• [Brief]: All of the data below must be reproduced word for word, but without its images.

• [Information shown]:
--------------------------------------------------
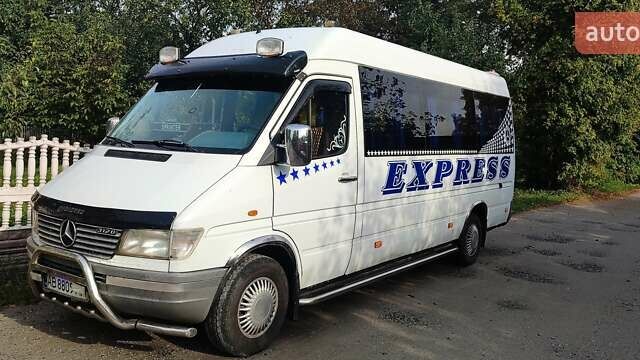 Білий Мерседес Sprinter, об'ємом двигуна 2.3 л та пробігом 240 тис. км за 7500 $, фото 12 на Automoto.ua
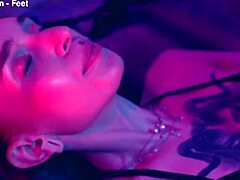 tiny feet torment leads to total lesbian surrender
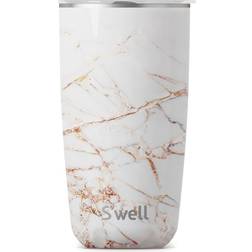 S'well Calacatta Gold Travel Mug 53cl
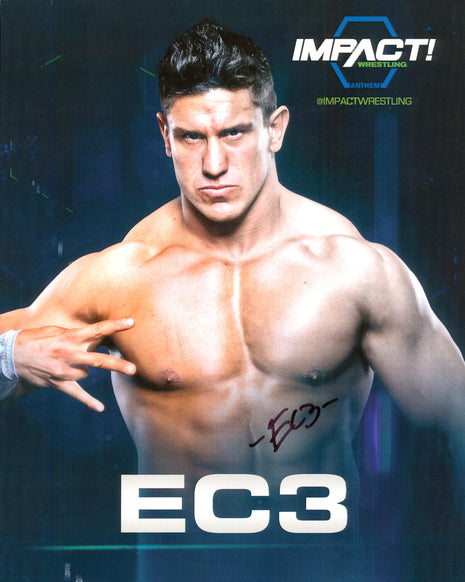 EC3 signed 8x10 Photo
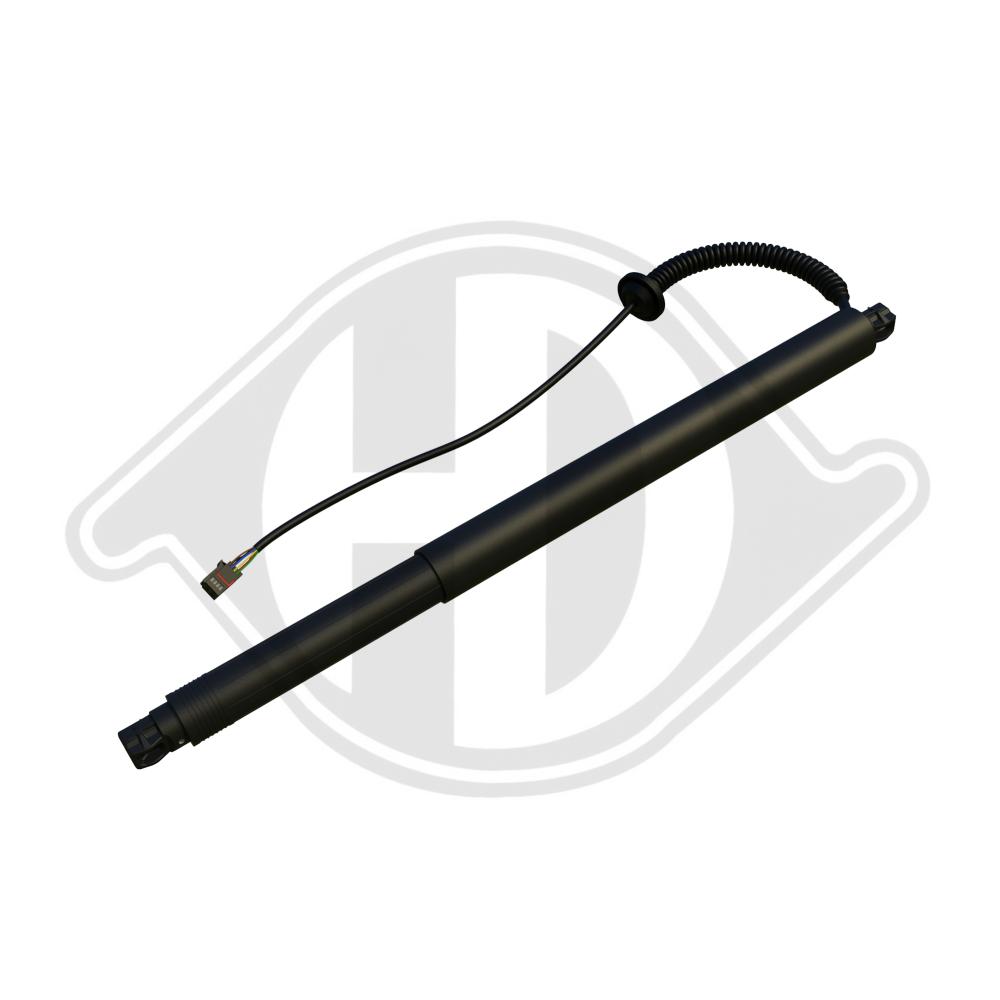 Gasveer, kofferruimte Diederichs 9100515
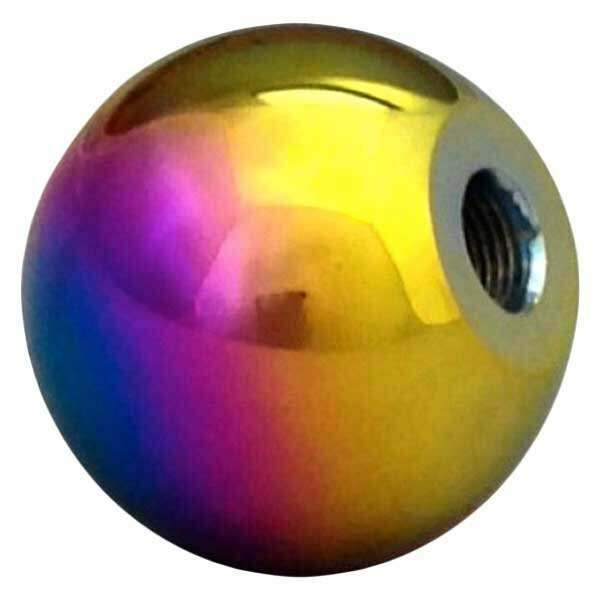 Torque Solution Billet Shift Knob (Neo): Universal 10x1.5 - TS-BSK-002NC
--------------------------------------------------
• [Written answer]:
 Білий Мерседес Sprinter, об'ємом двигуна 2.3 л та пробігом 240 тис. км за 7500 $, фото 12 на Automoto.ua
 tiny feet torment leads to total lesbian surrender
 S'well Calacatta Gold Travel Mug 53cl
 EC3 signed 8x10 Photo
 Gasveer, kofferruimte Diederichs 9100515
 Torque Solution Billet Shift Knob (Neo): Universal 10x1.5 - TS-BSK-002NC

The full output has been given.